Objectives : The objective of this study was to investigate the therapeutic effect of Corni Fructus 30% ethanol extract (CFE) on the monosodium iodoacetate (MIA)-induced osteoarthritis rats. Methods : The subjects were divided into 4 groups ; Normal group (N, n=10), MIA-induced osteoarthritis control group (Con, n=10), indomethacin 5 mg/kg treated group (INDO, n=10), CFE 200 mg/kg treated group (CFE, n=10). Blood and articulation tissues were collected after two weeks of drug administration. Oxidative stress was analyzed with reactive oxygen species (ROS), peroxynitrite (ONOO-). And the Nuclear factor erythroid-2 (Nrf2), heme oxygenase-1 (HO-1), superoxide dismutase (SOD), catalase, glutathione peroxidase-1/2 (GPx-1/2), Nuclear Factor Kappa B p65 (NF-κBp65), cyclooxygenase-2 (COX-2), inducible nitric oxide synthase (iNOS), tumor necrosis factor-alpha (TNFα), interleukin-6 (IL-6), Interleukin 1β (IL-1β), matrix metalloproteinase-1 (MMP-1), and tissue inhibitor of metalloproteinases-1 (TIMP-1) were investigated by western blot.

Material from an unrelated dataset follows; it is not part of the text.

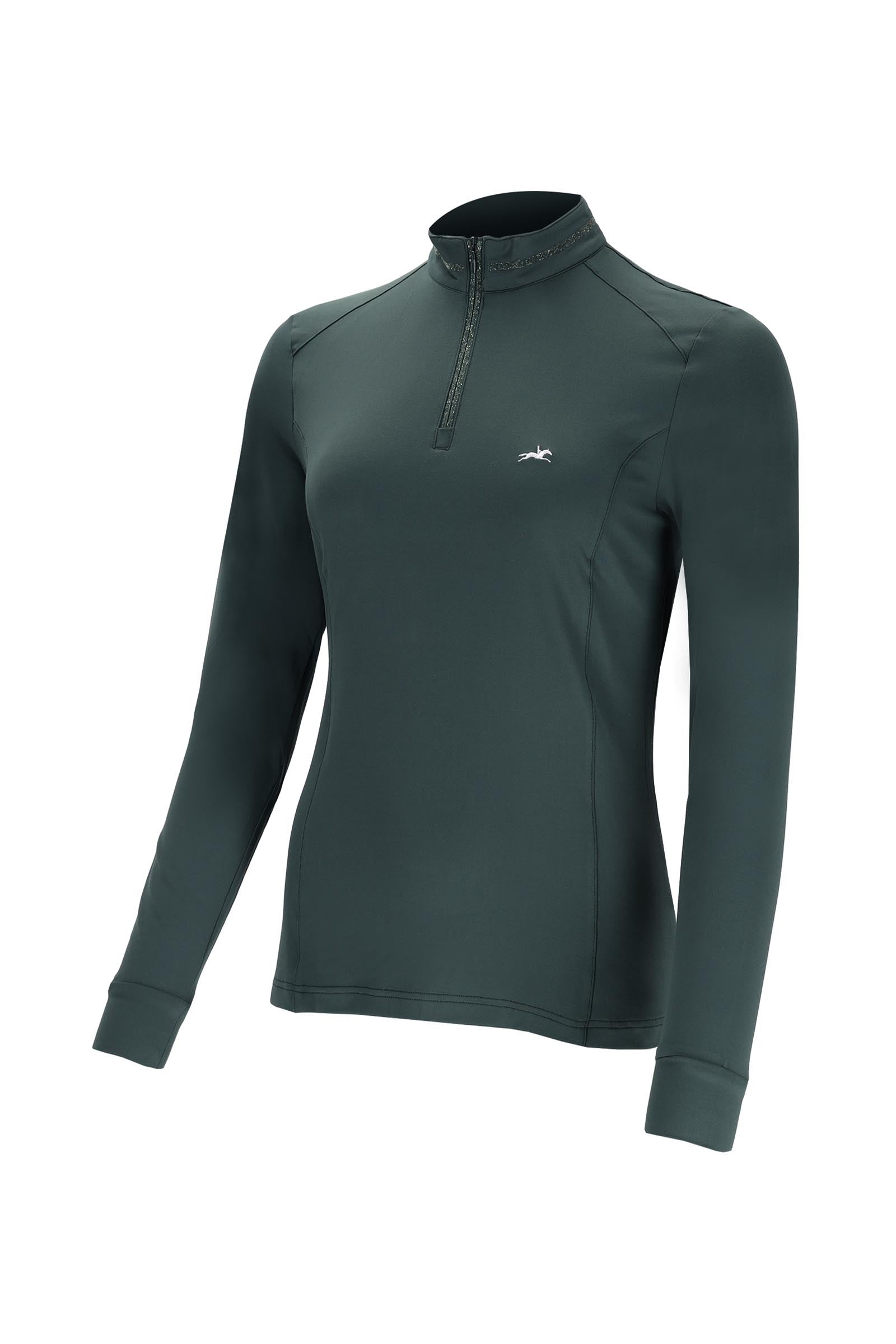 Schockemöhle Sports Schockemöhle SP Annabell 26 Style Womens Training Shirt Women’s Riding Clothing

Results : The administration of CFE showed a significant reduction of changes in relative hind paw weight distribution. Reactive oxygen species (ROS) and peroxy nitrite (ONOO-) levels of articulation tissues were significantly decreased in CFE compared to the control group. Western blot measurements of Nrf2, HO-1, SOD, catalase, GPx-1/2 showed that the CFE group was increased compared to the Con group. And western blot measurements of NF-κBp65, COX-2, iNOS, TNFα, IL-6, IL-1β showed that the CFE group was reduced compared to the Con group. Also CFE group decreased MMP-1 and increased TIMP-1. Conclusion : Based on the above results, it can be seen that osteoarthritis is improved when Corni Fructus 30% ethanol extract treated.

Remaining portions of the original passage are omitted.